The Gen Z-led protests calling for accountability in government have clocked one month, a trend that has now triggered a tremor in the country's investor confidence.

This is envisaged in the fresh slump of the Kenyan shilling which crossed the 130 mark on Friday last week, after the past few months of fair stabilisation from the historic low of 161.

The Central Bank of Kenya (CBK) quoted the shilling at 130.88 on July 23, a depreciation stemming from the previous weeks when it exchanged at an average of 128 against the greenback.

The shilling had weakened to a low of 161 in January this year, on the back of an increased debt burden and diminishing foreign investor confidence.

However, the local currency began seeing the light sometime in February, thanks to the partial buyback plan on the 2024 $2 billion Eurobond.

In just two months to the end of March, the local currency had strengthened by 30 unit values, a 19 per cent gain.

Investor confidence

Experts across the country exhibited that the buyback did enough to boost the country's investor confidence, thus more dollars were pumped into the country, increasing the supply and exchange, and making the shilling stronger.

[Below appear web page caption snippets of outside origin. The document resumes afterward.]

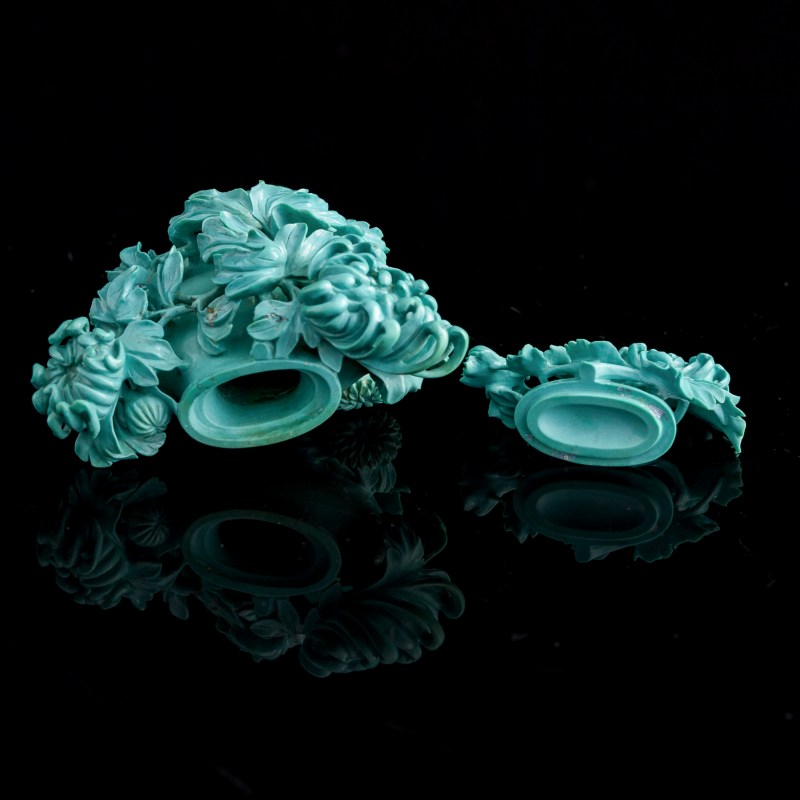 1960-1970年代 綠松石雕花卉蓋瓶（附木座） | A Chinese carved turquoise 'floral' covered vase, 1960s-1970s - 图8
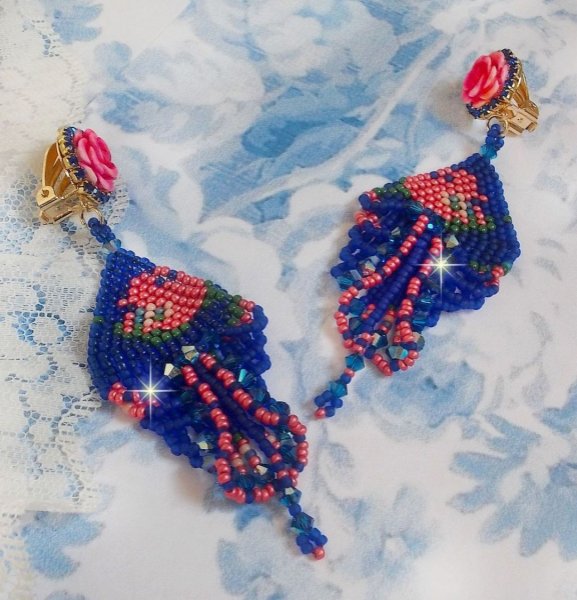 BO Bel'Nuit Bleue criado com contas de sementes de alta qualidade, cristais Swarovski, cabochons de resina e uma cadeia de rhinestone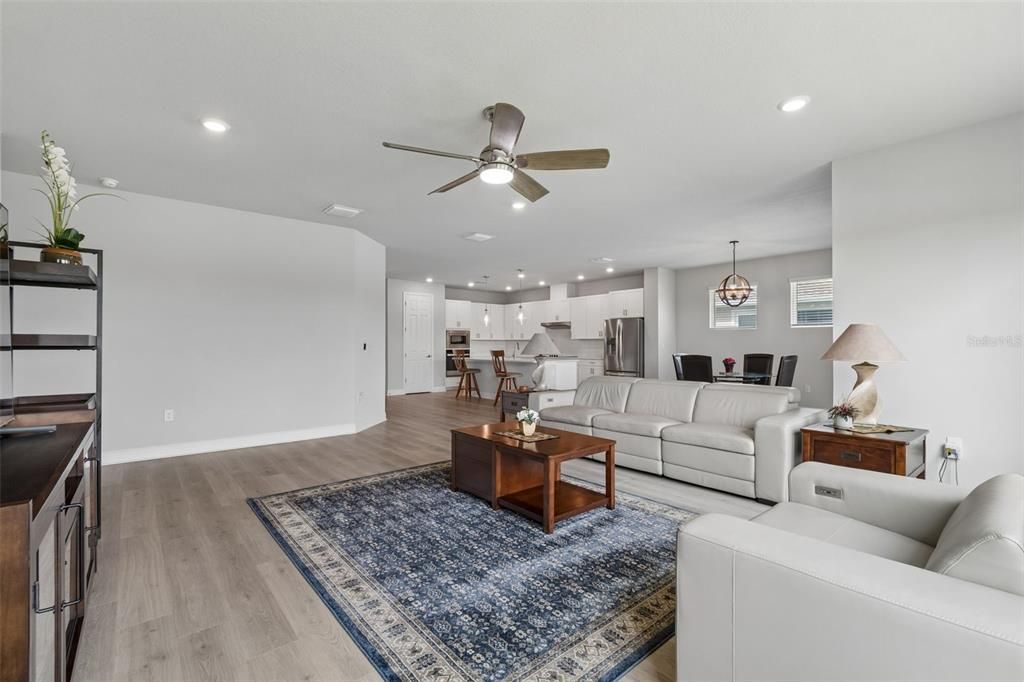 For Sale: $649,900 (4 beds, 3 baths, 2822 Square Feet)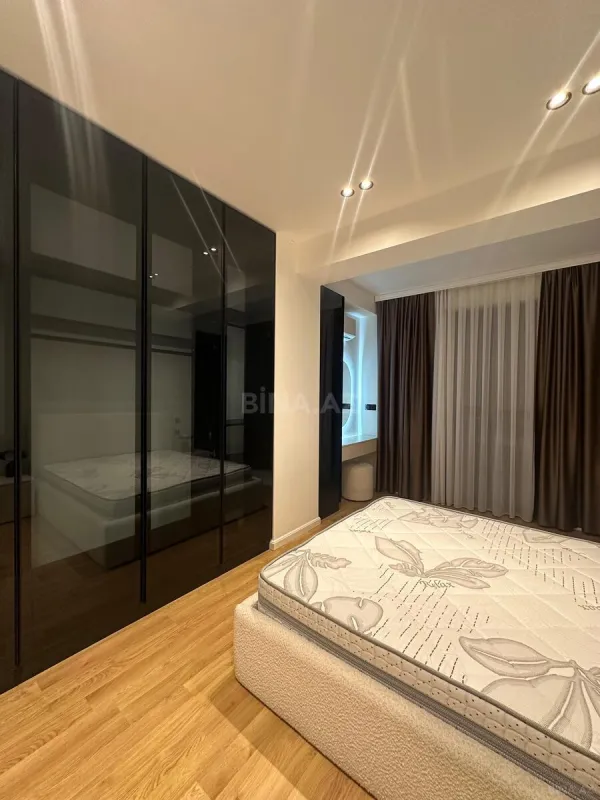Kirayə verilir 2 otaqlı mənzil 80 m²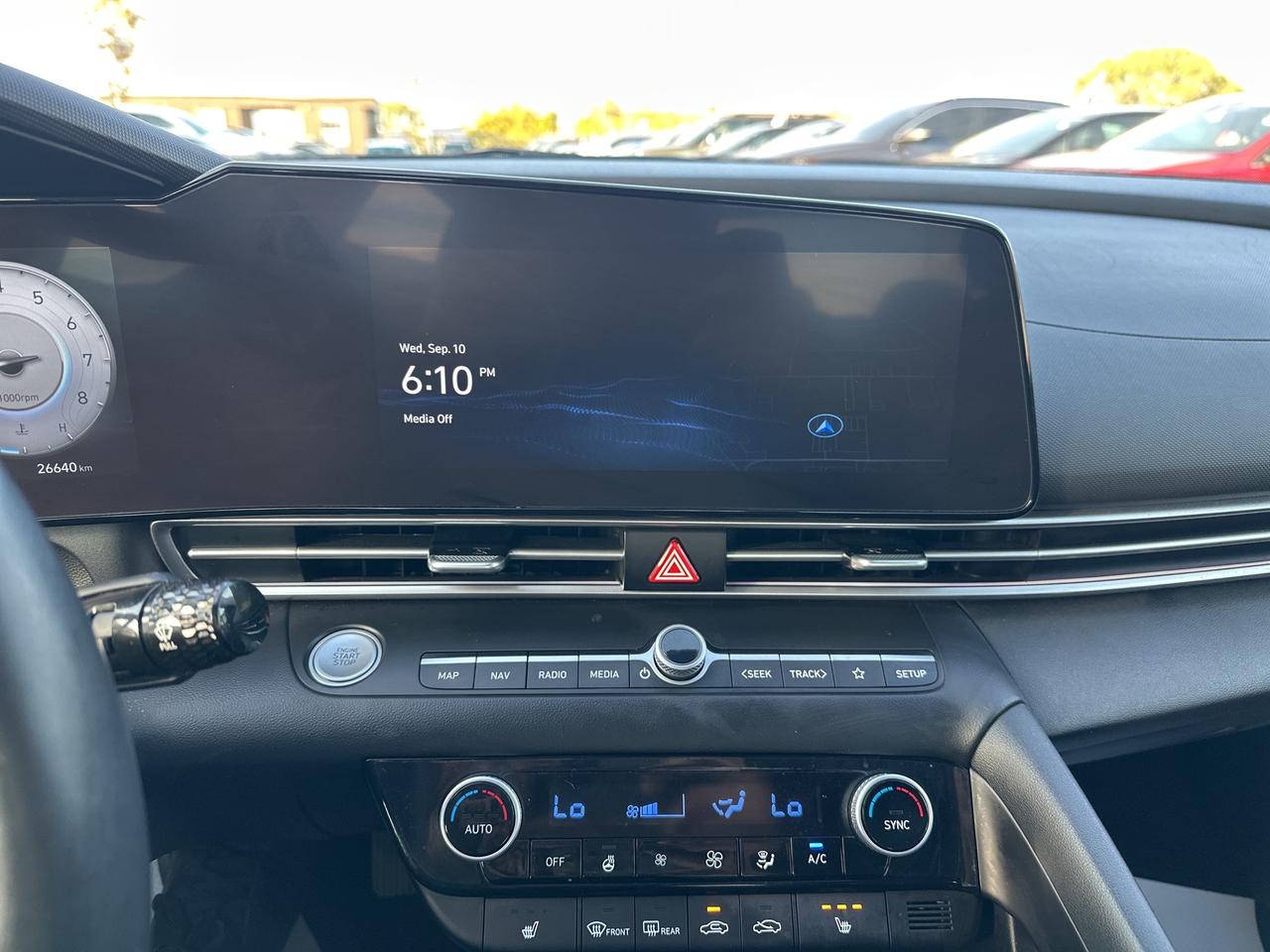 2025 Hyundai Elantra Preferred IVT w-Tech Pkg   Starting from 4.69% OAC Photo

Notably during the first two weeks of the demos, the shilling remained fairly stable, keeping track of its recovery journey.

During that period, the local currency exchanged against the US dollar at an average of 129, tarnishing the fears of potential weakening on account that some external investors would pull out their shares of investment in platforms such as the stock market, depriving Kenya of dollar supply.

The fear could now be manifesting in the country as the shilling starts dwindling afresh.

A sustained gaining streak of the shilling against the dollar is good news for the consumers in the country, as it translates to relief from costly products.

Kenya is a net importer, and importers have been feeling the pinch of the weak shilling, spending more on goods brought in, and passing on the burden to consumers.

However, a depreciation of the local currency is not good news to both parties.